It is hard to fuck up a ratings system.

People do. But since in its most basic format, a league table is a ratings system, and a league table will usually give a decent approximation of the best and worst teams, it is quite hard to do worse.

It is worth considering its constituent elements though, for anyone planning to construct one, to outline the basic issues of design, and problems in scheduling structures that bring them undone (or need to be corrected for). To do this I'll look at five systems: a basic league table (which as noted, is a form of rating), the ICC system for cricket, the IRB system for rugby, Elo (which is widely used, but I'll focus on football) and my own cricket ratings.

Margin of victory

Your standard results-based backward-looking rating system (there may be others but they aren't widely used) bring together a set of results and project the quality (and possibly future performance) of teams based on games played. There are two basic two options for the result: the result; or the margin of victory.

A league table and the ICC use just the result. The IRB has a little each way by providing a bonus for a larger margin of victory, while the Elo soccer rating and my own cricket ratings use the margin of victory. The benefit of using the margin is that it provides more information, particularly in sports where the result is relatively predictable but it might reasonably be considered that there is a Pythagorean relationship between the points differential and eventual wins.

One thing I have considered but not implemented was to account for Test draws by examining "distance to victory". Hence a drawn match with one side 100 runs in arrears and the other needing 2 wickets would have a margin of 100 - 2 wickets (nominally 50 runs in my ratings). A non-linear relationship for wickets is another margin option to consider. Note that the added accuracy of these changes is marginal at best.

Strength of opposition

Here lies the first leap forward from a basic league table: the measuring of schedules. In many leagues this is not strictly necessary as the schedules are relatively even. In cricket it is nonsense to forgo it.

Accounting for opposition means having an implied probability of victory. That is: if an average team (50% probability of winning against an average team) is expected to win less than half of the matches against their schedule, then the points awarded are increased to make up the deficit. All ratings have an implied probability of victory, but the results vary.

My ratings are margin based - though there are adjustments for wins/draws - and use a "normal" implied probability around a standard deviation of 180 runs. Basic Elo ratings are based on three results (win/loss/draw) and therefore use a different function. Both of these are smooth curves, as per the image.

The ICC and IRB use linear models. The downside to linear models is that eventually teams hit a limit of 0% or 100% probability of victory, in which case their rating cannot increase (or decrease) in proportion to their ability versus their peers. For the IRB, this caps the maximum rating difference at 10 points (100% likely to win) - bonuses have got New Zealand up this limit, but the only way is down.

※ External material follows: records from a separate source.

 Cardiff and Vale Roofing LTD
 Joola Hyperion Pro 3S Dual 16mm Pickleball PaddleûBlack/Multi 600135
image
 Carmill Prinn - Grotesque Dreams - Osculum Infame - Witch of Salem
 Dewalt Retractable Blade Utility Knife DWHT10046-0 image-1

The ICC does something quite strange - on which more details can be found in this older post - which is to cut the implied probability at 90%. Teams above this threshold can theoretically keep increasing their rating to infinity, and vice versa (which is why a number of teams have been marooned around zero. There are ways this could be fixed, but will be the subject of a later post.

Strength at home

Adjustments to the implied probability are often made for home advantage. This is not strictly necessary as the difference is marginal, but if a schedule is sufficiently unbalanced it can be necessary.

A league table (needless to say) doesn't do so, and nor does the ICC. The other systems being examined do and the implied increase in probability given a ratings gap is shown above. Note that the IRB is linear as it merely shifts the system by 3 points. For Elo and my own ratings the greatest increase in probability is in the centre (around 50%) as that is where the variability is highest. A 1% probability of victory doesn't tend to shift regardless of home advantage.

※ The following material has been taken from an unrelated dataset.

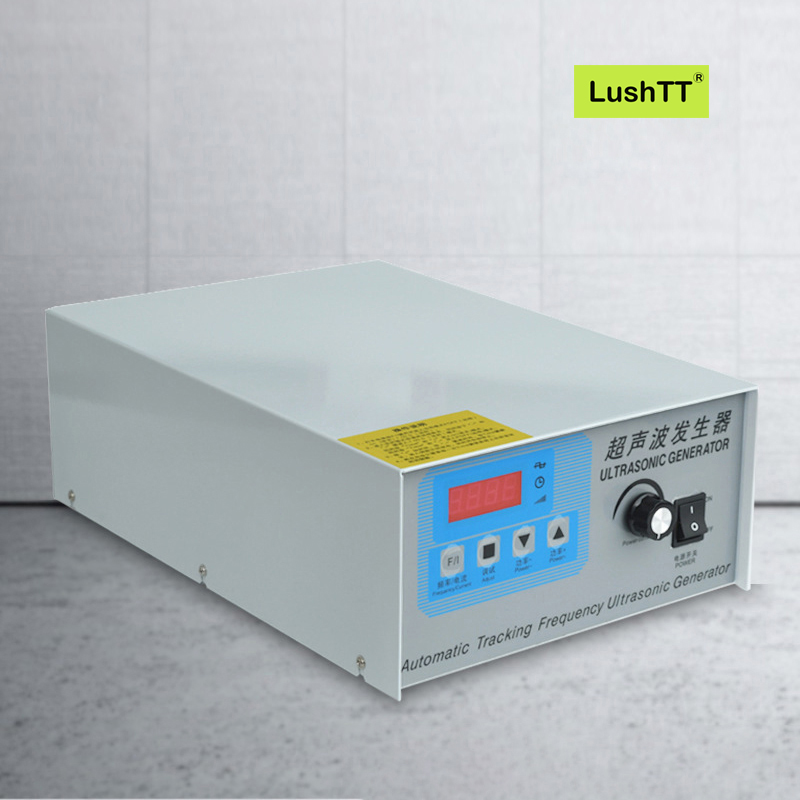 Ultrasonic Generator 20Khz 28Khz 40Khz 68Khz 80Khz 120Khz Stainless Steel Material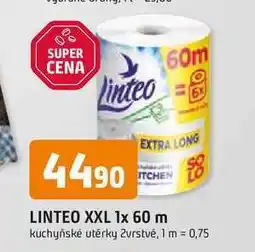 Trefa Linteo XXL 1x60m nabídka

Some systems extend this further by having a "home" and "away" rating that allows variation in the quality of home field advantage. The upside to this is that some teams are substantially better at home (teams at altitude for example) or poor away (isolated teams needing to travel) and this allows that to be accounted for. The downside is that it halves the amount of data - which for cricket is already sparse - unless some combination of recent home and away results is made. The standard method of adjusting for home advantage as if it is always the same isn't perfect but no rating system is. There are always trade-offs and the biggest is yet to come.

Recency of results

The fundamental difference between most systems is the speed and method by which they exclude results. Prediction models generally show that the more data put in the more closely the predictions run, which would imply that recent results should decay very slowly. However, no team stays the same, personnel changes, improves and declines, there is an element of form (perhaps indistinguishable with luck) and injuries will subtract and then add to quality just as the rating adjusts. There is no right answer.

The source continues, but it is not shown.